What the task requires: Every line from the one holding "A8023 Centerpiece by Royal Doulton-1" to the end of the entries should be repeated exactly, with the pictures left out.
(Records for processing begins)
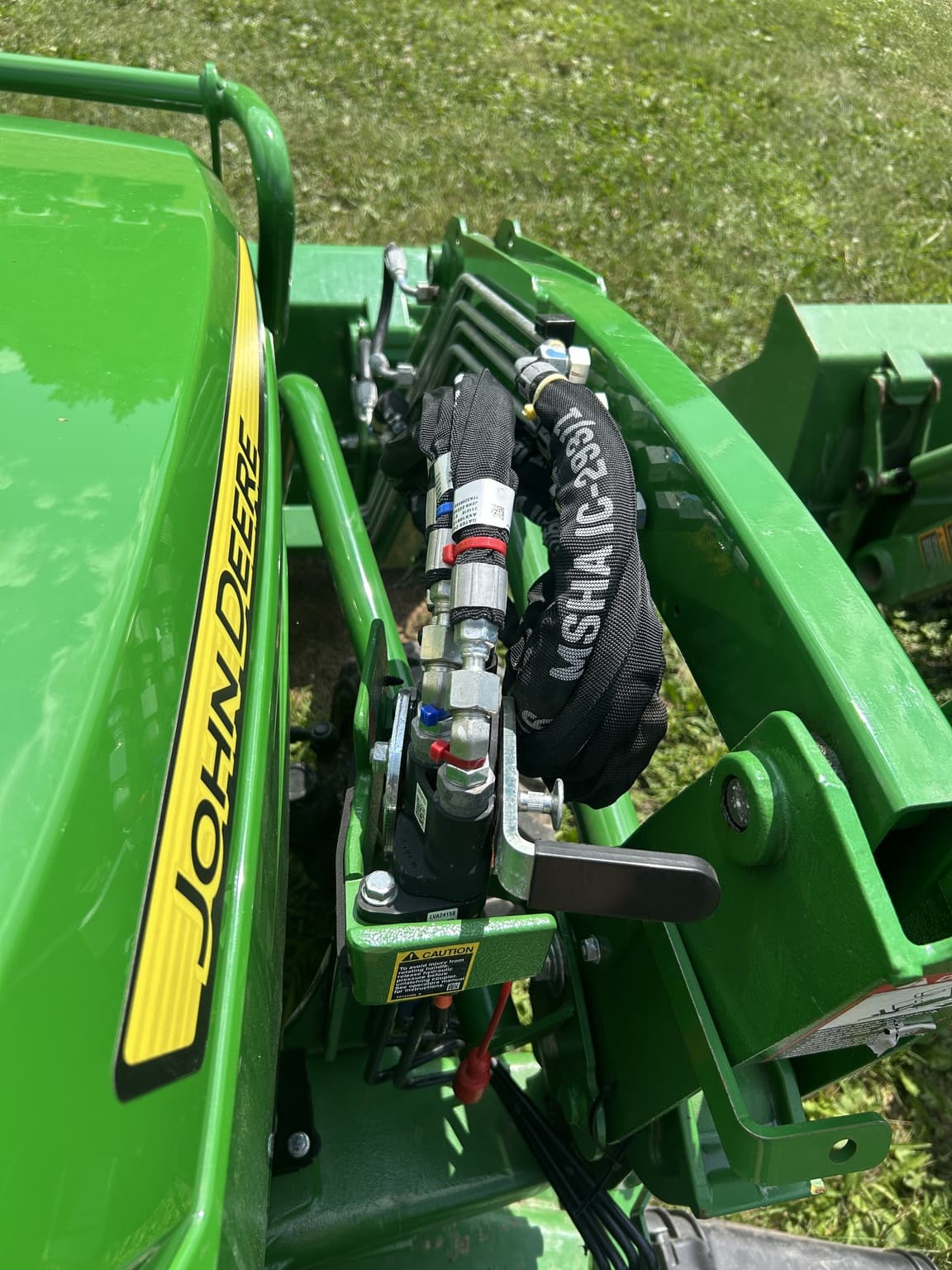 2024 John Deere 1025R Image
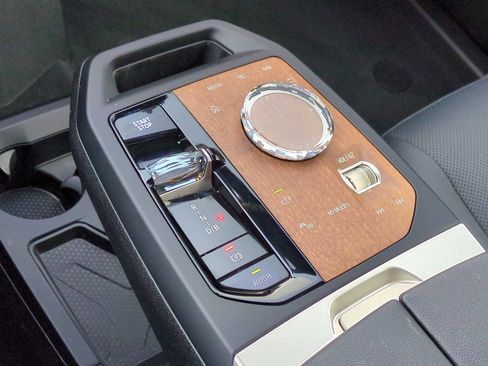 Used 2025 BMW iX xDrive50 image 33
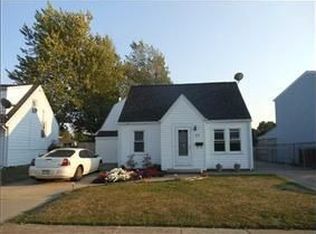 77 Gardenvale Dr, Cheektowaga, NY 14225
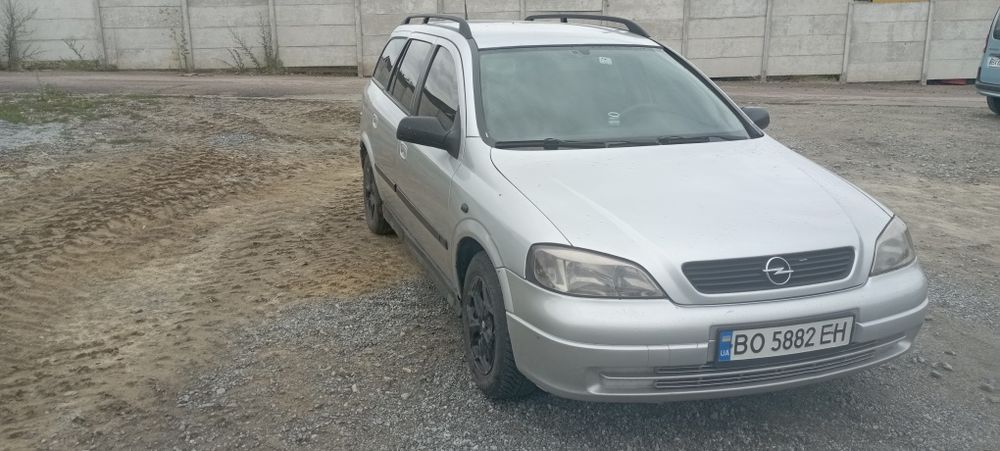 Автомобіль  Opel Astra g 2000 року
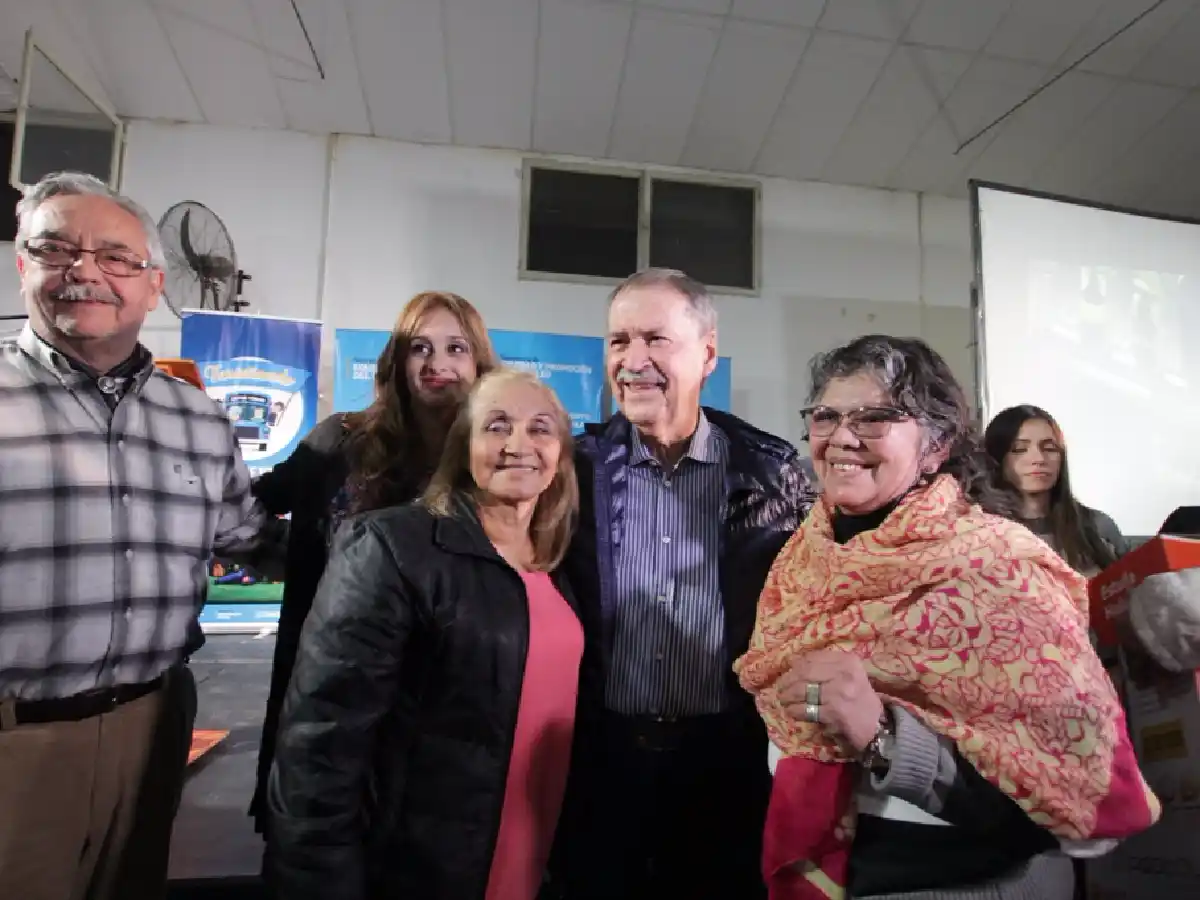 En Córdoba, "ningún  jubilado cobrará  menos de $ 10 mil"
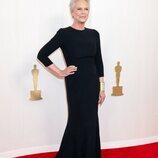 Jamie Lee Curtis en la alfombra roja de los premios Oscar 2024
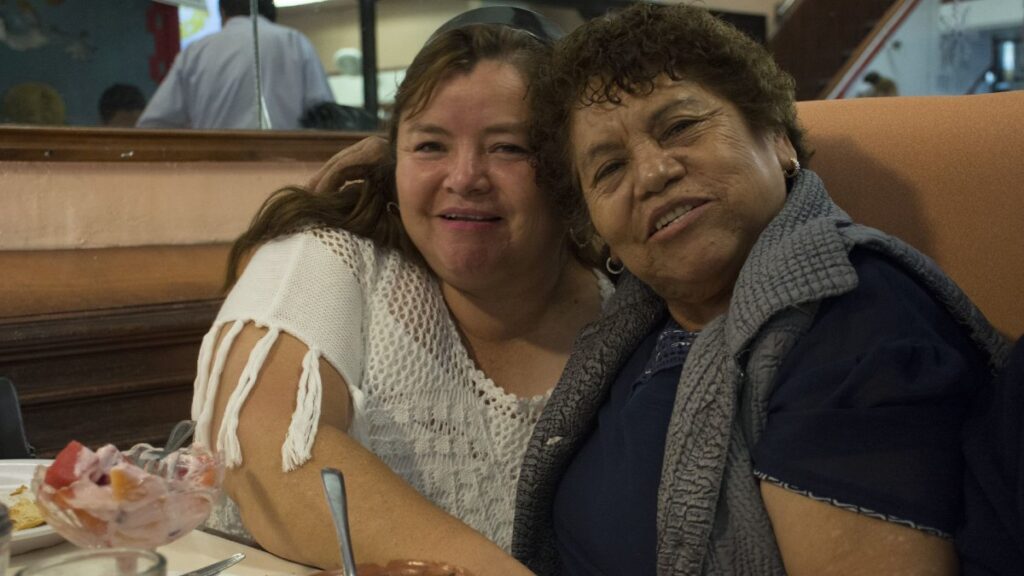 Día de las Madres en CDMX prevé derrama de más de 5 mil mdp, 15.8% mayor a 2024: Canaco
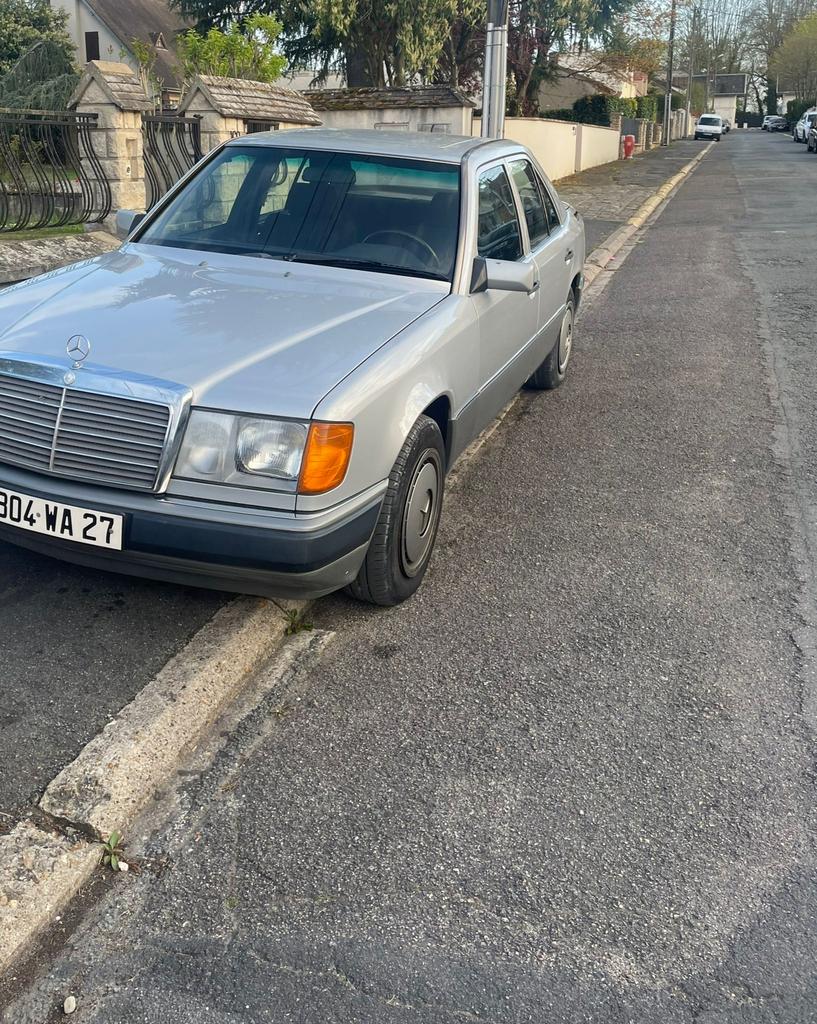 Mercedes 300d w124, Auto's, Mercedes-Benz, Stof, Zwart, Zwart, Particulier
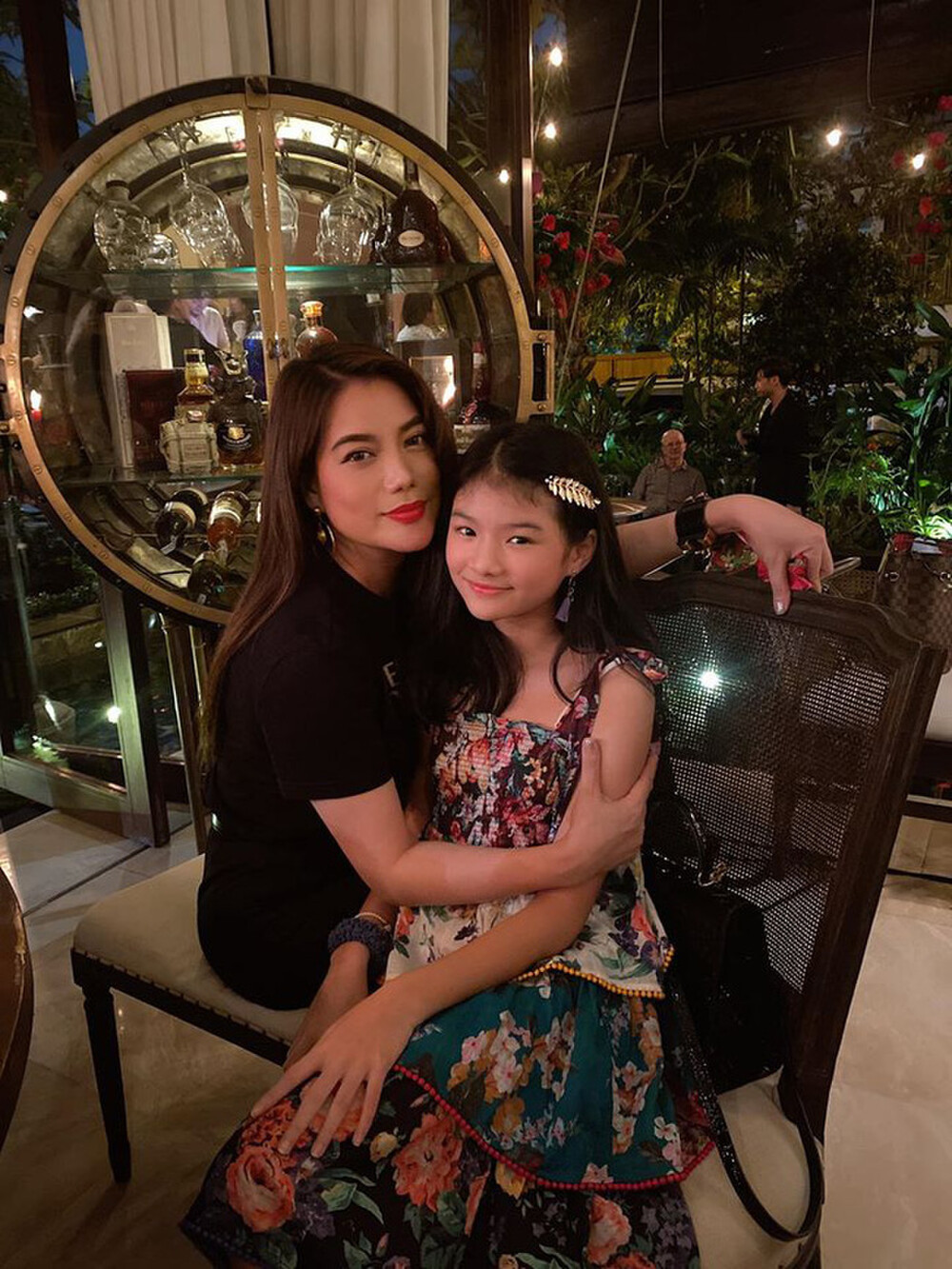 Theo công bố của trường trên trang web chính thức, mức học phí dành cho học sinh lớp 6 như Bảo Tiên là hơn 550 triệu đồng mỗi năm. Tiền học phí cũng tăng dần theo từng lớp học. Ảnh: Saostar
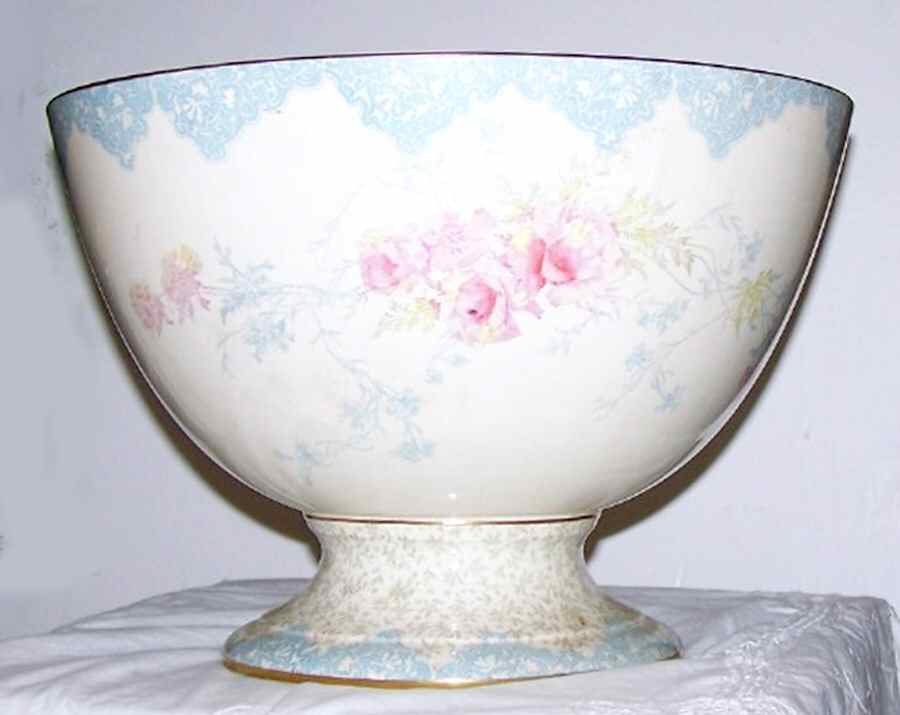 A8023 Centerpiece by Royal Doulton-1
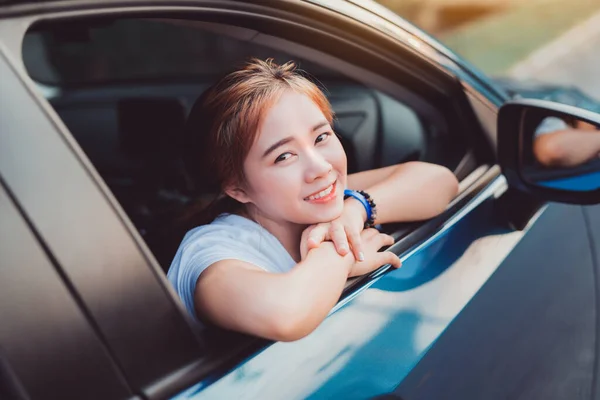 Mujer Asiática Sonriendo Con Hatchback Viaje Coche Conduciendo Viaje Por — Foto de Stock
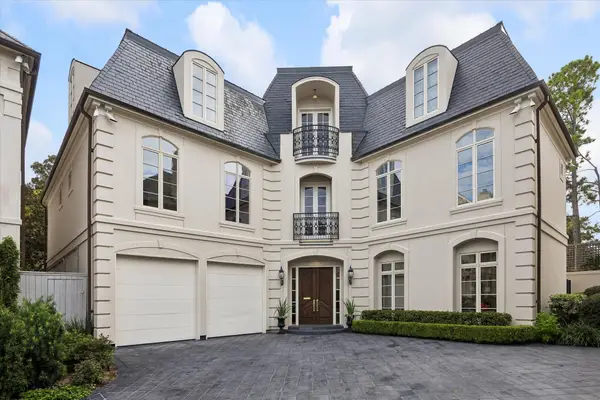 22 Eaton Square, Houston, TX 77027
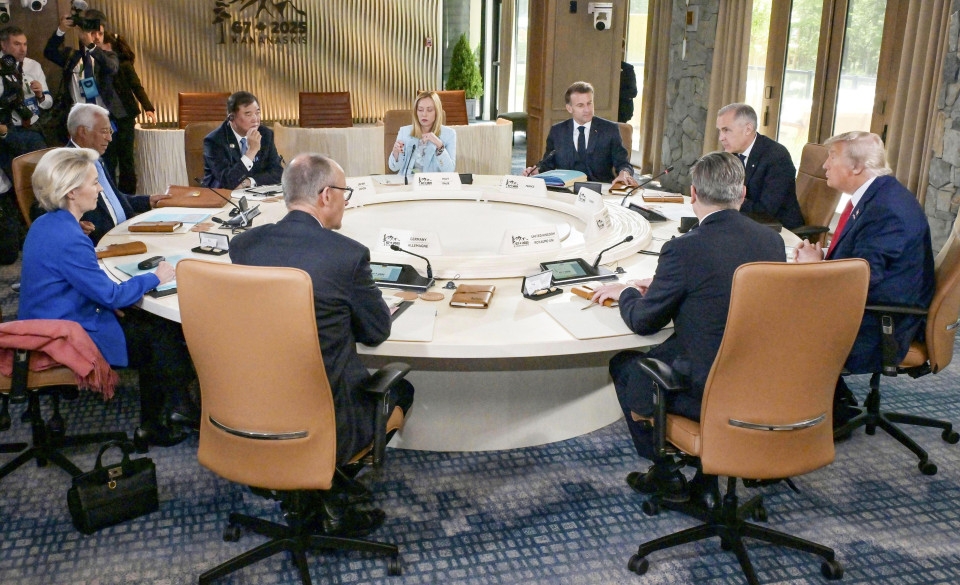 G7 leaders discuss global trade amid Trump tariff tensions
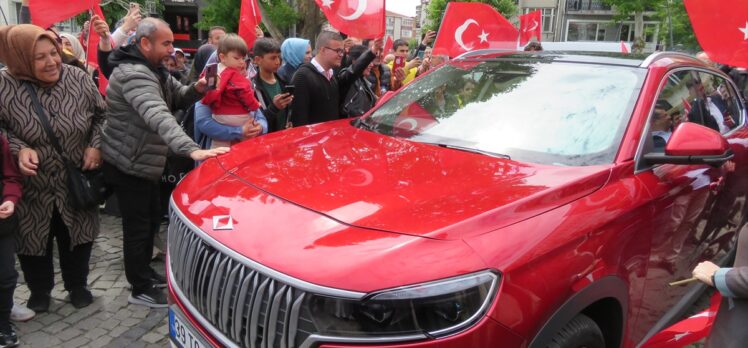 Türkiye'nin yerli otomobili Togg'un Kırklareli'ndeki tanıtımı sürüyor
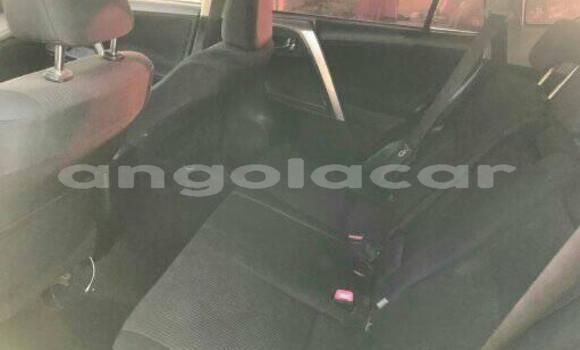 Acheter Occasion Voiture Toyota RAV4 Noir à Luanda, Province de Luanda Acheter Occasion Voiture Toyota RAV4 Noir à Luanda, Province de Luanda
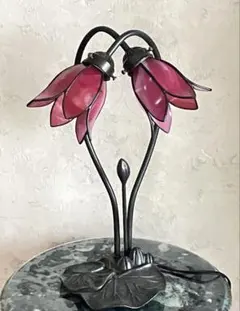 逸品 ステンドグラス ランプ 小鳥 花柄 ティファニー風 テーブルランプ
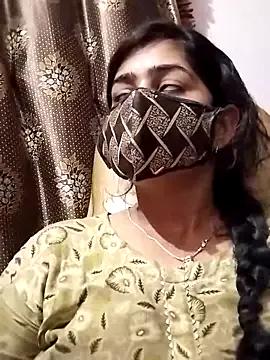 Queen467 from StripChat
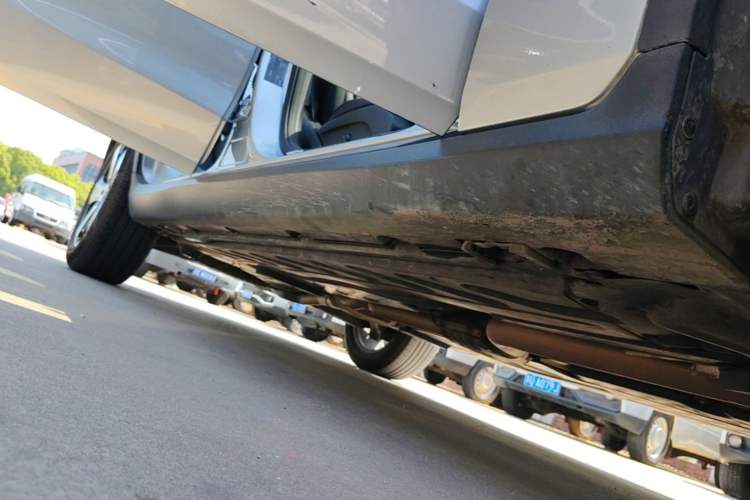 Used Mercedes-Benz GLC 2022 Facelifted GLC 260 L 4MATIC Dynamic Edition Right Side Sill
(Records for processing ends)
Exercise output:
 A8023 Centerpiece by Royal Doulton-1
 Mujer Asiática Sonriendo Con Hatchback Viaje Coche Conduciendo Viaje Por — Foto de Stock
 22 Eaton Square, Houston, TX 77027
 G7 leaders discuss global trade amid Trump tariff tensions
 Türkiye'nin yerli otomobili Togg'un Kırklareli'ndeki tanıtımı sürüyor
 Acheter Occasion Voiture Toyota RAV4 Noir à Luanda, Province de Luanda Acheter Occasion Voiture Toyota RAV4 Noir à Luanda, Province de Luanda
 逸品 ステンドグラス ランプ 小鳥 花柄 ティファニー風 テーブルランプ
 Queen467 from StripChat
 Used Mercedes-Benz GLC 2022 Facelifted GLC 260 L 4MATIC Dynamic Edition Right Side Sill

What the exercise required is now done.